Please reproduce, exactly and with nothing added, the line containing "قطعة واحدة رومانسي" and every line after it to the end of the records.

Data for processing Block Start

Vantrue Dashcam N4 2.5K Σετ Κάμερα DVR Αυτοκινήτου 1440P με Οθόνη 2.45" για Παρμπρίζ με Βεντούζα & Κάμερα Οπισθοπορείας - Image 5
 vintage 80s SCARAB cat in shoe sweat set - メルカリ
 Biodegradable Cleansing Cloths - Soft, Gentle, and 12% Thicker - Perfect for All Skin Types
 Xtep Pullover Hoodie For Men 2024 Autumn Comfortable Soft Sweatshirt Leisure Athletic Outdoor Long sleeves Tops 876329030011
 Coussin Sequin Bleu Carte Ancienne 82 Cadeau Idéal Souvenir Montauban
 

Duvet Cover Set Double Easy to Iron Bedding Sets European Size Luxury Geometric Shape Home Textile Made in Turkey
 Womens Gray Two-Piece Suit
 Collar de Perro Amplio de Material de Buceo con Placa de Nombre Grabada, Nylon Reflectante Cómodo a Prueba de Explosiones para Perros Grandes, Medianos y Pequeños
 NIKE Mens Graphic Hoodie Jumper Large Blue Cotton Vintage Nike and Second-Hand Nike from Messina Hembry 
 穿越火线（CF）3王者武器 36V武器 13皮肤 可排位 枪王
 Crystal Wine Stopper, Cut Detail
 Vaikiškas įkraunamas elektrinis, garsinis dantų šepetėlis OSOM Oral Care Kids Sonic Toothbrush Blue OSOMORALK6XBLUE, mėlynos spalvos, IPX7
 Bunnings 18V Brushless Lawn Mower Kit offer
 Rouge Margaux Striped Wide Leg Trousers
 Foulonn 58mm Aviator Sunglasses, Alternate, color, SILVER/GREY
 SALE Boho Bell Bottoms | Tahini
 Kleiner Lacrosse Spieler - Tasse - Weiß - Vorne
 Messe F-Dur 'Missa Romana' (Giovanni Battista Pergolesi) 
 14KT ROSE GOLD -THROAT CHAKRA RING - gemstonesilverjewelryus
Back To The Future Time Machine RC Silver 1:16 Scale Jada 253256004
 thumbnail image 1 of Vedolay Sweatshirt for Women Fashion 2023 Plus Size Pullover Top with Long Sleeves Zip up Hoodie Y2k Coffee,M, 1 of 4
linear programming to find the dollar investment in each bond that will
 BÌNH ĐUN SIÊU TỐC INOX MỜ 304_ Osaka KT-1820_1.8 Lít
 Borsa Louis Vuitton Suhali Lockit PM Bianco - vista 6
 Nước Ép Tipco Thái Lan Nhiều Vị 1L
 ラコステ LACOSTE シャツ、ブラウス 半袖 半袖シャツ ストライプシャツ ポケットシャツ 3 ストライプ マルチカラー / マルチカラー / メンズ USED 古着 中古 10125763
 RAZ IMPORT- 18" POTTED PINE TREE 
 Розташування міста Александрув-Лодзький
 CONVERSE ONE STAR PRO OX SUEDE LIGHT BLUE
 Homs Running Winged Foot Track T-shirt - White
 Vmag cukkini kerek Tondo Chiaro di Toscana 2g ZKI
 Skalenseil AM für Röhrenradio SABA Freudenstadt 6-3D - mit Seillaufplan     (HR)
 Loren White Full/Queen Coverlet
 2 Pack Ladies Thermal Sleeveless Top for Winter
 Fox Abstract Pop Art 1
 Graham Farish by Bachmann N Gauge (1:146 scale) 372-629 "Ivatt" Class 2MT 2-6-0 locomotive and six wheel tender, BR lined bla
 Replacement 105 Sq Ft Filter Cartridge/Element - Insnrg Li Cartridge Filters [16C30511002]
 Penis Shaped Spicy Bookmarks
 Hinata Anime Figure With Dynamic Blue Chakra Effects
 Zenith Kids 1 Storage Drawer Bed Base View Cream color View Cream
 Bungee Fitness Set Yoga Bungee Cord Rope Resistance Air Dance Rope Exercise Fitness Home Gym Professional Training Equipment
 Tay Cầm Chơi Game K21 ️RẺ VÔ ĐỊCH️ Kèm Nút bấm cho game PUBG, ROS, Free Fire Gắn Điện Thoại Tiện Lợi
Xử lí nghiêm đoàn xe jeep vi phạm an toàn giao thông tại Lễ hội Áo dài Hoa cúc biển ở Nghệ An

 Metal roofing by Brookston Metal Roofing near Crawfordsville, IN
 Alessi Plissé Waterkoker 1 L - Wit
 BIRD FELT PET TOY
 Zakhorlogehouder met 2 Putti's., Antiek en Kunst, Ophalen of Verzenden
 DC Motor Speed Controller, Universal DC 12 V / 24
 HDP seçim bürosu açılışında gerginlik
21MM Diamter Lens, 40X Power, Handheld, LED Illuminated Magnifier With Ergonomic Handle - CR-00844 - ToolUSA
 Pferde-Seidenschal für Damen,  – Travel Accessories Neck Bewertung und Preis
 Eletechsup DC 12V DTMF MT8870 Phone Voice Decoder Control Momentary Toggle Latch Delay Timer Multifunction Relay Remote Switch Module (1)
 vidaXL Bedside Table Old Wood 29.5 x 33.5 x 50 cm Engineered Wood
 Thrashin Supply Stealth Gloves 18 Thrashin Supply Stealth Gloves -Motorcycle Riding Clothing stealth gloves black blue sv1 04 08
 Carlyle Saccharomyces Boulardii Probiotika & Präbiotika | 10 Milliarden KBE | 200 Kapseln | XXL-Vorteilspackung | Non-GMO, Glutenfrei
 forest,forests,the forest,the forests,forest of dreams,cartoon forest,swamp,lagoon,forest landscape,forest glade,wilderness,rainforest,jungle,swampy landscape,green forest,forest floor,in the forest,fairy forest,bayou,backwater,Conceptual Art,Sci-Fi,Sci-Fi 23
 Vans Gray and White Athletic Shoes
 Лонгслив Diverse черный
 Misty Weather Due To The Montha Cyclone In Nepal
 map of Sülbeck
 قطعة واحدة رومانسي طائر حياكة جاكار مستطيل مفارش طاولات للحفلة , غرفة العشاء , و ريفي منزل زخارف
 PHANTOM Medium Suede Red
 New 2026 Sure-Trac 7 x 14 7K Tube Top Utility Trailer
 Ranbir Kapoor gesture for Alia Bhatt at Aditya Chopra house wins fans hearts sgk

Data for processing Block End

Task response:
 قطعة واحدة رومانسي طائر حياكة جاكار مستطيل مفارش طاولات للحفلة , غرفة العشاء , و ريفي منزل زخارف
 PHANTOM Medium Suede Red
 New 2026 Sure-Trac 7 x 14 7K Tube Top Utility Trailer
 Ranbir Kapoor gesture for Alia Bhatt at Aditya Chopra house wins fans hearts sgk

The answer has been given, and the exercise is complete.